An appeals court has ruled that the performance of a "Christmas Spectacular," which includes a mannequin Nativity scene, at a public high school in Indiana did not violate the U.S. Constitution
A three-judge panel from the U.S. Court of Appeals for the Seventh Circuit in Chicago has ruled that the Performing Arts Department at Concord High School in Elkhart will be able to continue performing a revised version of the annual winter holiday show.
"We are not prepared to say that a nativity scene in a school performance automatically constitutes an Establishment Clause violation," the judges wrote in the 26-page summary, as reported by Goshen News.
"Nevertheless, the nativity story is a core part of Christianity, and it would be silly to pretend otherwise.

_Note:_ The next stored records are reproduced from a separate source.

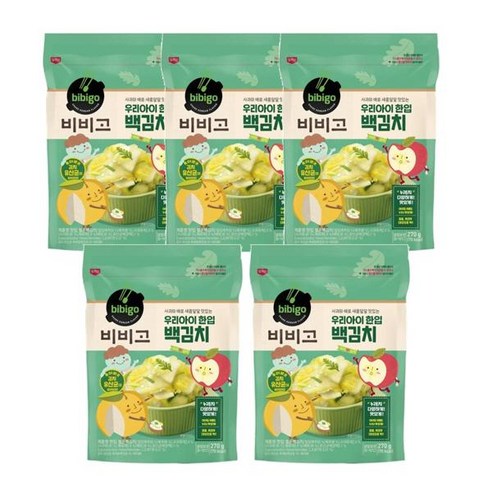 CJ 밑반찬 비비고 우리아이한입 백김치 270g 맛있는김치 맛있는반찬 간단한반찬, 5개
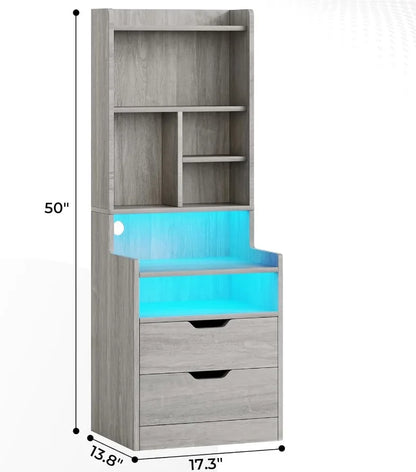 Tall Nightstand with Charging Station & LED Lights, White W/ Bookshelf, Drawers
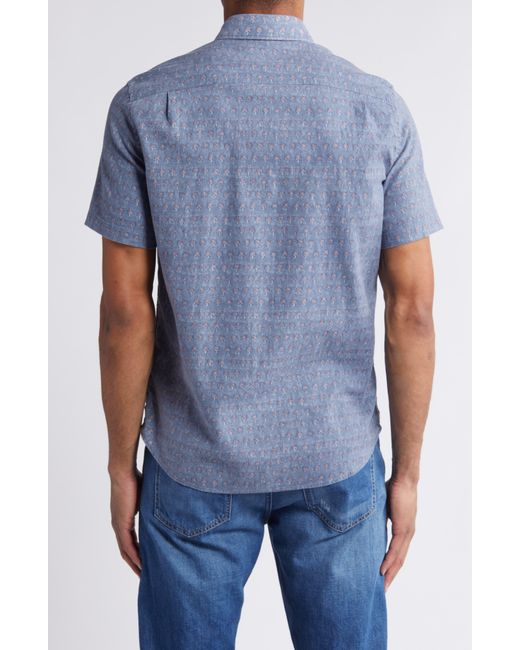 Faherty Brand Blue Breeze Short Sleeve Button-down Shirt for men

Many nativity scenes therefore run a serious risk of giving a reasonable viewer the impression of religion endorsement," they added.
The performance came under fire in 2015 when the Wisconsin-based Freedom From Religion Foundation filed a lawsuit alleging that the show had violated the First Amendment's prohibition on government establishment of religion.
Concord Community Schools offered to make some revisions, including the removal of scriptural references from the Nativity scene and adding songs from other religious holidays such as Hannukah and Kwanzaa.
After a district court ruled that the changes did not go far enough, the music department stripped the New Testament readings and replaced the live actors with mannequins for the Nativity portion of the show.
The FFRF complained that the revised version still violated the constitution, but U.S. District Court Judge Jon DeGuilio disagreed. In his September 2016 ruling, the judge ruled that the "Christmas Spectacular" — as it was performed in 2015 — did not violate the Constitution, but noted that the previous version, including the initial revised version, was in violation of the establishment clause.
The appellate court judges agreed with DeGuilio, noting that the revised version no longer stands out as the show's centerpiece and that "it has become just another visual complement for a single song."
They further stated that the show can be performed in its current state, saying the 2015 version "would not cause a reasonable observer to believe that Concord is signing off on a particular religious message."
"But ultimately, we agree with the district court that in 2015 Concord sincerely and primarily aimed to put on an entertaining and pedagogically useful winter concert. We thus find the 2015 iteration of the Spectacular constitutional no matter which lens we use for evaluation," the judges wrote.
The FFRF described the ruling as a "partial win," but noted that the organization is still considering whether to request the case to be heard before the entire Seventh Circuit.
Concord Community Schools Superintendent John Trout thanked the court for the decision, adding that the school can now begin preparing for this year's performance, where students are allowed display their musical talents.